Texas has persisted as a destination for paleontologists over the years, having found everything from preserved plans to “the first recognized fossil that we associated with the Tyrannosaurus Rex. The fossil-fertile ground has brought teams from Washington and New York and Chicago, said Adams, who on Saturday will be heading back to north Texas himself, hoping to unearth even more. 

The wide-brimmed hat of a paleontologist digging under a hot Texas sun is far from the only one Adams wears these days, however. As the Witte’s chief curator of paleontology and geology, he also oversees certain collections, leads cataloging efforts, helps plan new Witte exhibits, pitches in on educational programs and meets with donors. 

At the same time, he knows dinosaur exhibits are still a hot commodity for museums like the Witte. 

“Turns out dinosaurs are really popular, and people want to see them,” he said. “And so one of the biggest requests we get are (for) more dinosaurs.”

The value of fiction

Three decades after Steven Spielberg’s groundbreaking 1993 adventure awakened a passion for paleontology inside Adams and many others, he still credits the series with helping to get young moviegoers interested in the world of dinosaurs and science at large. 

Even if he’s also routinely correcting some misconceptions about some of the movies’ most iconic monsters. For one thing: The T-Rex’s vision wasn’t limited to movement, so standing still in front of one wouldn’t do much to save your skin. 

“I do have to tell people the velociraptor is not a big carnivorous dinosaur like they portray,” Adams adds. “It's actually small, it's probably about the size of a collie. It would have been fully covered with long feathers off of its arms that would look like wings, even though it probably couldn't fly. So it's a very different looking animal than what you see in the movies. That's usually a shock for most people.”

But the way he sees it, correcting the record on Hollywood’s artistic license is a small price to pay for the next generation of diggers to dig into the field. 

“To be honest, there's nothing accurate about any of the dinosaurs that are in any of the 'Jurassic Park' movies, but that doesn't mean we don't love them. I owe everything to them. And what they do instead is they create excitement. That's what benefits me; it also benefits the museums and other institutions.”

Having caught a sneak preview of “Jurassic World: Dominion” – the sixth entry in the franchise that releases in theaters Friday – Adams is optimistic about a renewed wave of excitement. One of the featured dinos stalking the movie’s characters, he says, is the Quetzalcoatlus, which, while “too big, but that’s OK,” ruled the skies over what we now call home. 

Along with the “amazing” Acrocanthosaurus, the “magnificent” Alamosaurus and the “giant” Deinosuchus, Quetzalcoatlus is one of several representations of dinosaurs believed to have lived in Texas that Witte visitors can explore in the museum’s galleries right now. 

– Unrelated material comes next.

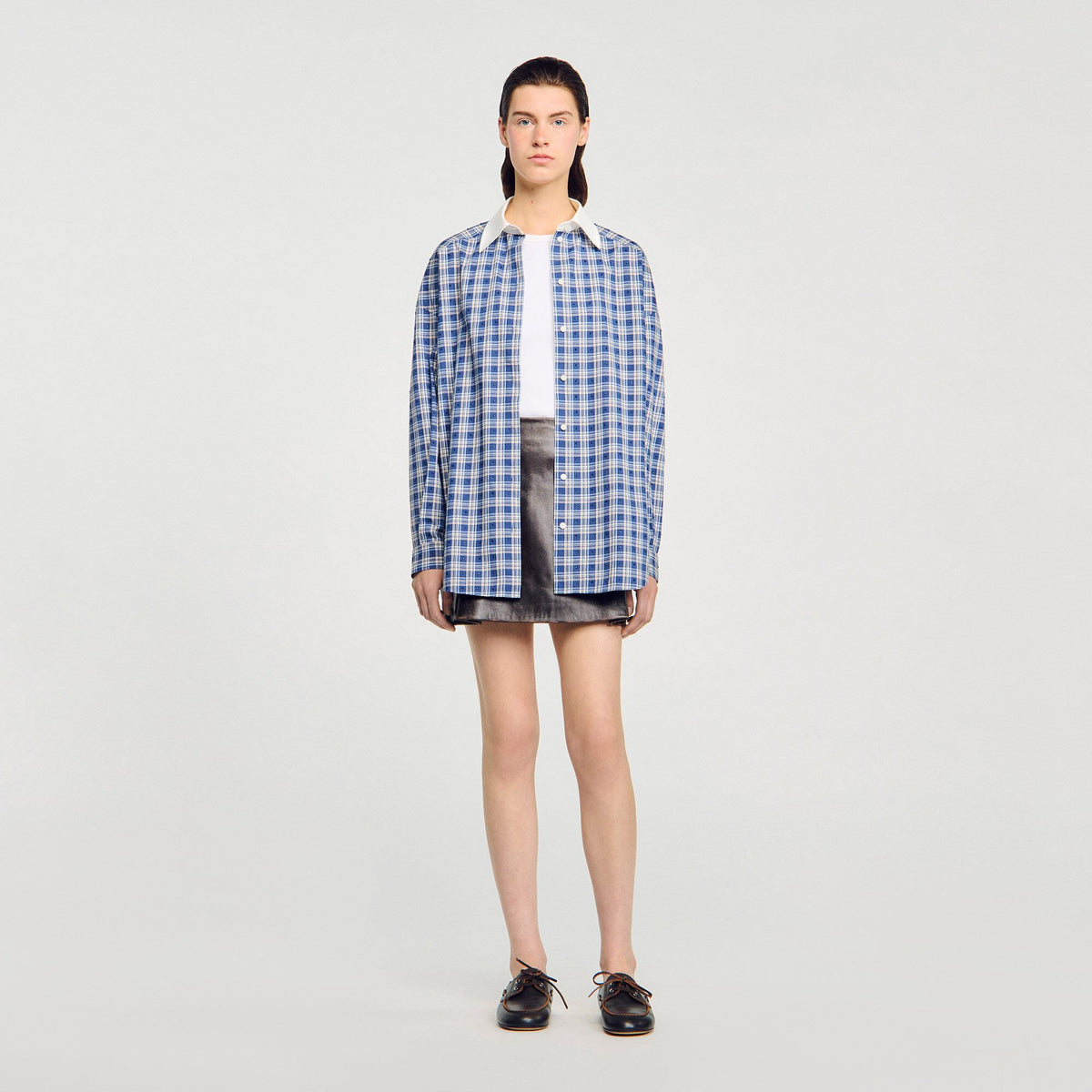 Sandro / Rhinestone checkered shirt Blue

“It's the largest animal to ever fly ever, (and it) was discovered in Texas first.”

Just as important to Adams as showcasing the largest animals to have roamed North America is establishing a context to the age of the dinosaurs—the changing environmental conditions that resulted in the land as it exists today, and the kinds of species who could and would rule it. 

Meanwhile, the research continues for Adams, as well as his mission of sharing his own passion that sparked with a trip to the movies in 1993. In a constantly evolving field, he says, there’s no shortage of the possibilities when it comes to imagining how dinosaurs roamed where the Witte now stands millions and millions of years ago. 

“The potential to do more is there,” he said, citing new developments helping researchers determine things like the color of dinosaurs’ feathers and which were cold-blooded versus warm-blooded. “We're going to have great more discoveries coming out of the field of paleontology.”